* _Your instructions_:
The whole listing, please: repeat it exactly, with the pictures left out.

* _Collected material_:
┄┄┄┄┄┄┄┄┄┄

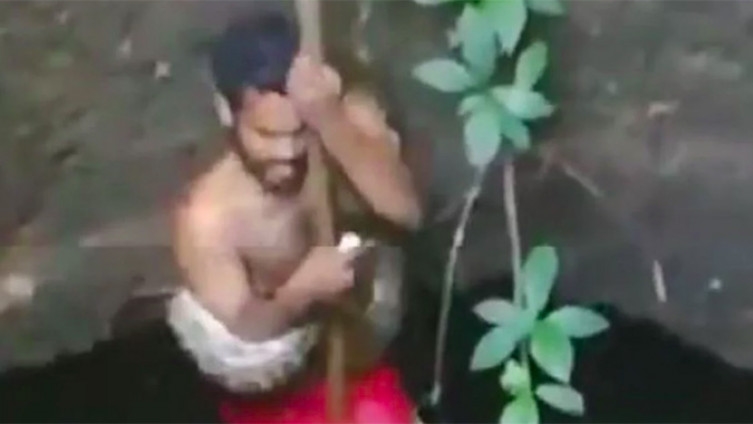 Видео: Маж си го ризикува животот за да спаси питон!!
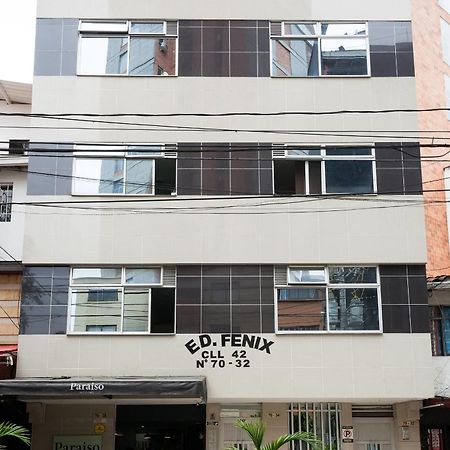 Apartamentos Laureles De La 70 Medellín Eksteriør billede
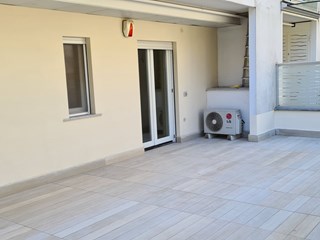 Bilocale in Vendita a Napoli, zona Colli Aminei, 260'000€, 50 m²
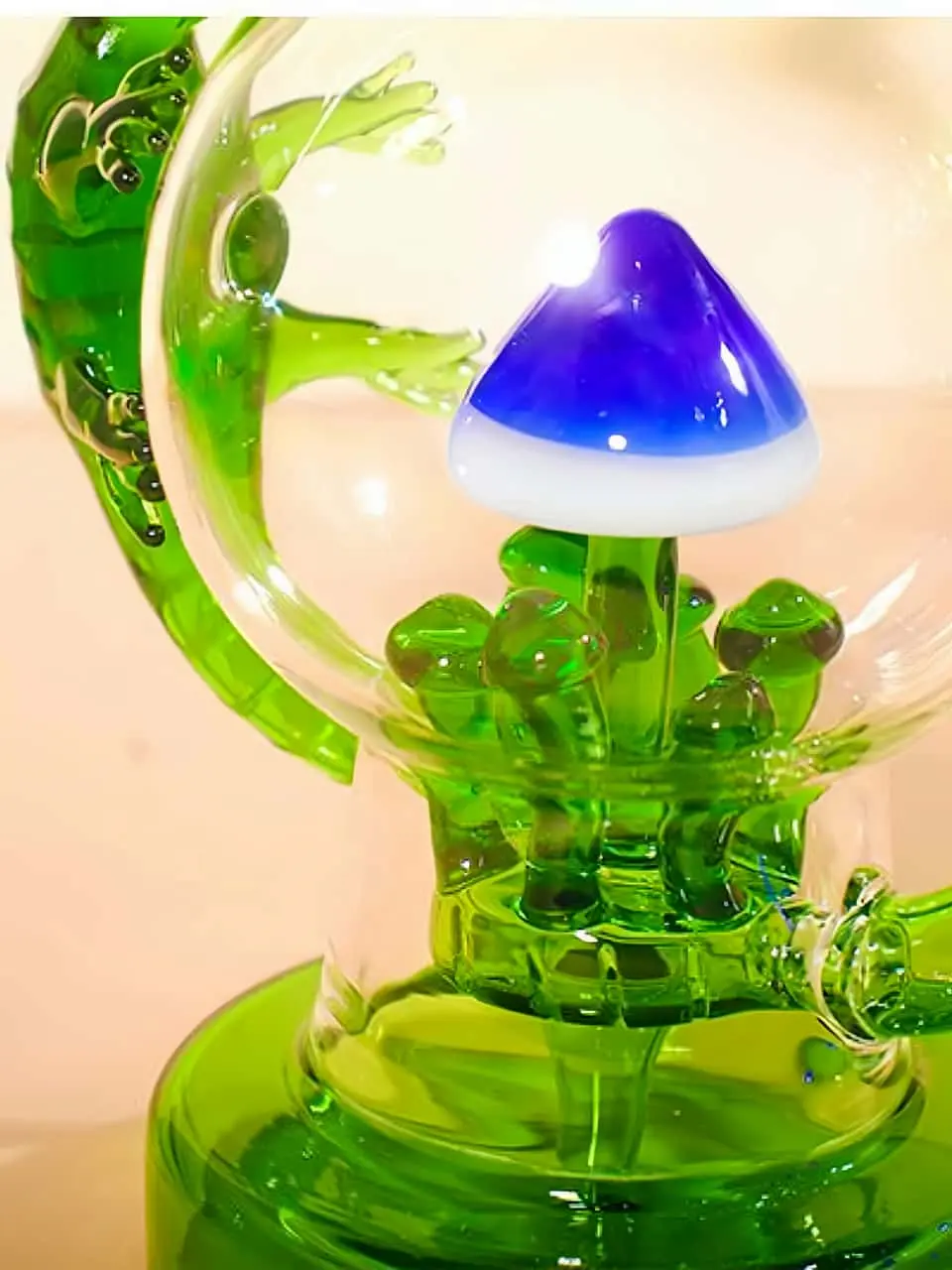 Lizard & Mushroom 9 Inch 3D Glass Bong with Mushroom Percolator - Image 3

┄┄┄┄┄┄┄┄┄┄

* _Solution for this task_:
 Видео: Маж си го ризикува животот за да спаси питон!!
 Apartamentos Laureles De La 70 Medellín Eksteriør billede
 Bilocale in Vendita a Napoli, zona Colli Aminei, 260'000€, 50 m²
 Lizard & Mushroom 9 Inch 3D Glass Bong with Mushroom Percolator - Image 3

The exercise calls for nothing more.